• _Work task_
In the records below, find the line that contains "Hello everyone, welcome" and the line that contains "Hey guys and"; write out exactly those two lines and everything between them, without the pictures.

• _Extracted data_
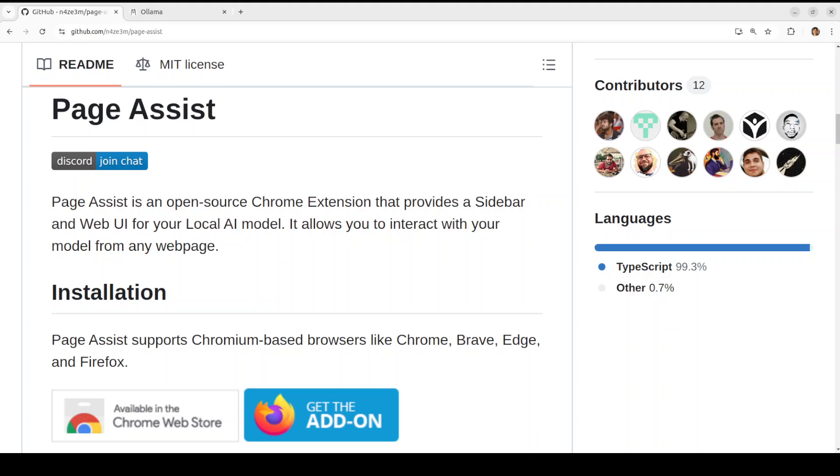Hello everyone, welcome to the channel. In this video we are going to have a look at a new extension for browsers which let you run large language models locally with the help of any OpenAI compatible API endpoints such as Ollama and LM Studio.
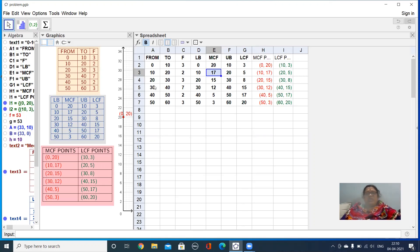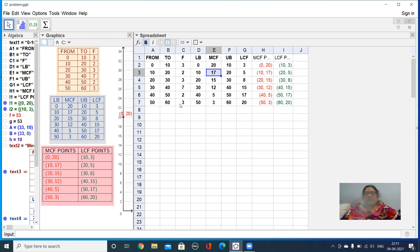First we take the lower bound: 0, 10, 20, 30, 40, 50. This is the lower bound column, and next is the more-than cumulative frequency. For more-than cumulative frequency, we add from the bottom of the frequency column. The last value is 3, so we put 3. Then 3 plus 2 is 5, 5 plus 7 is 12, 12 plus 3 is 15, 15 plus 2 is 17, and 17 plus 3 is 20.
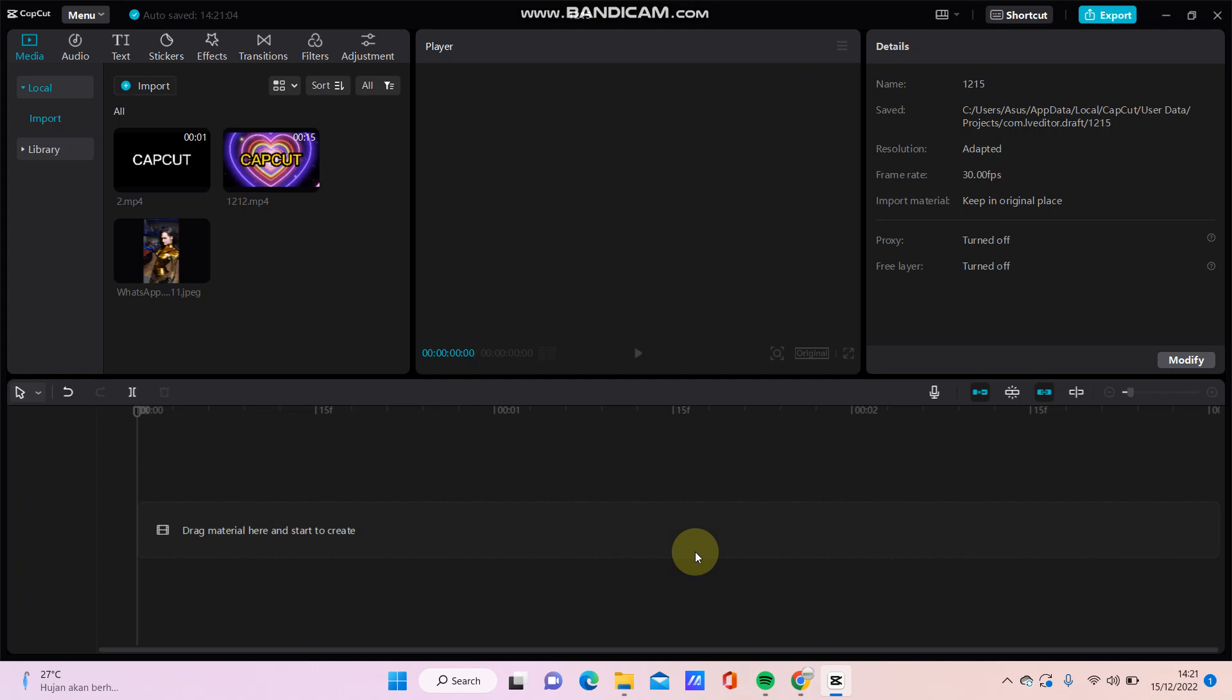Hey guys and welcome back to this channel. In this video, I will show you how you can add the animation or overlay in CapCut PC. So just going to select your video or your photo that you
==
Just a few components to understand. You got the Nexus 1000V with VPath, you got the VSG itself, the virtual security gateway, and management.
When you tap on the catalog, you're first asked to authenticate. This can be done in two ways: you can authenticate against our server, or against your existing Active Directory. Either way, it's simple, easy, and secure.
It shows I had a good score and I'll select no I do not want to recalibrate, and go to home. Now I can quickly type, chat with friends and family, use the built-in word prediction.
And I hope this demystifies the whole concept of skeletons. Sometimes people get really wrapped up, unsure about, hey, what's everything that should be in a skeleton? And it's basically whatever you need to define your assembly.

• _Answer to the problem_
Hello everyone, welcome to the channel. In this video we are going to have a look at a new extension for browsers which let you run large language models locally with the help of any OpenAI compatible API endpoints such as Ollama and LM Studio.
First we take the lower bound: 0, 10, 20, 30, 40, 50. This is the lower bound column, and next is the more-than cumulative frequency. For more-than cumulative frequency, we add from the bottom of the frequency column. The last value is 3, so we put 3. Then 3 plus 2 is 5, 5 plus 7 is 12, 12 plus 3 is 15, 15 plus 2 is 17, and 17 plus 3 is 20.
Hey guys and welcome back to this channel. In this video, I will show you how you can add the animation or overlay in CapCut PC. So just going to select your video or your photo that you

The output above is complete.